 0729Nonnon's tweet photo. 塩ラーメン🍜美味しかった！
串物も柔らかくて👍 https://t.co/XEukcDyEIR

***

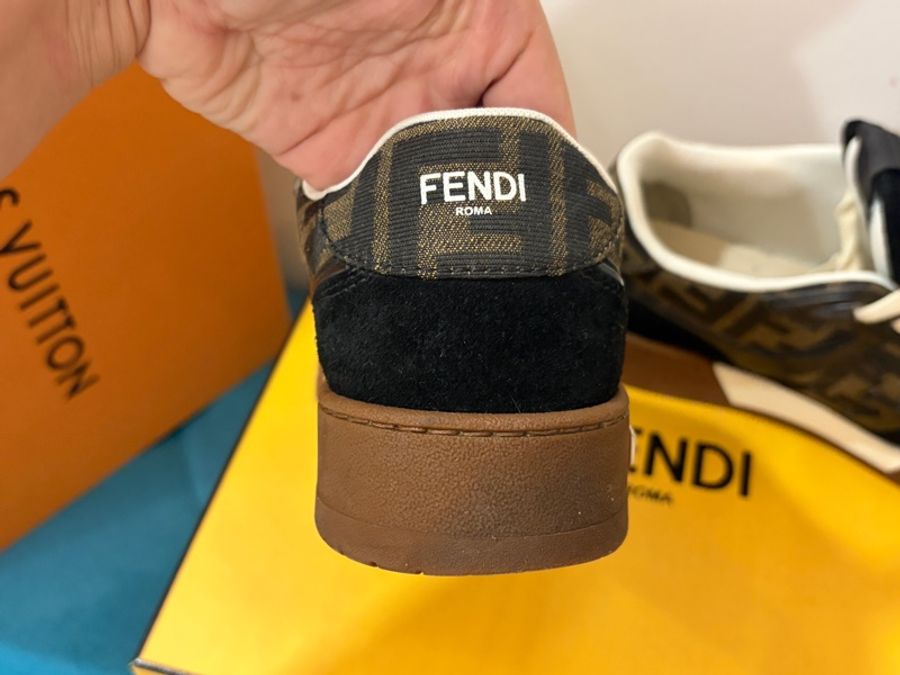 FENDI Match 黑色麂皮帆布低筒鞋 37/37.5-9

***

• [WORK ITEM]: Taking the records above, retype every line from the one with "0729Nonnon's tweet photo. 塩ラーメン🍜美味しかった！" down to the one with "串物も柔らかくて👍 https://t.co/XEukcDyEIR", exactly and with nothing else.

• [REPLY]:
 0729Nonnon's tweet photo. 塩ラーメン🍜美味しかった！
串物も柔らかくて👍 https://t.co/XEukcDyEIR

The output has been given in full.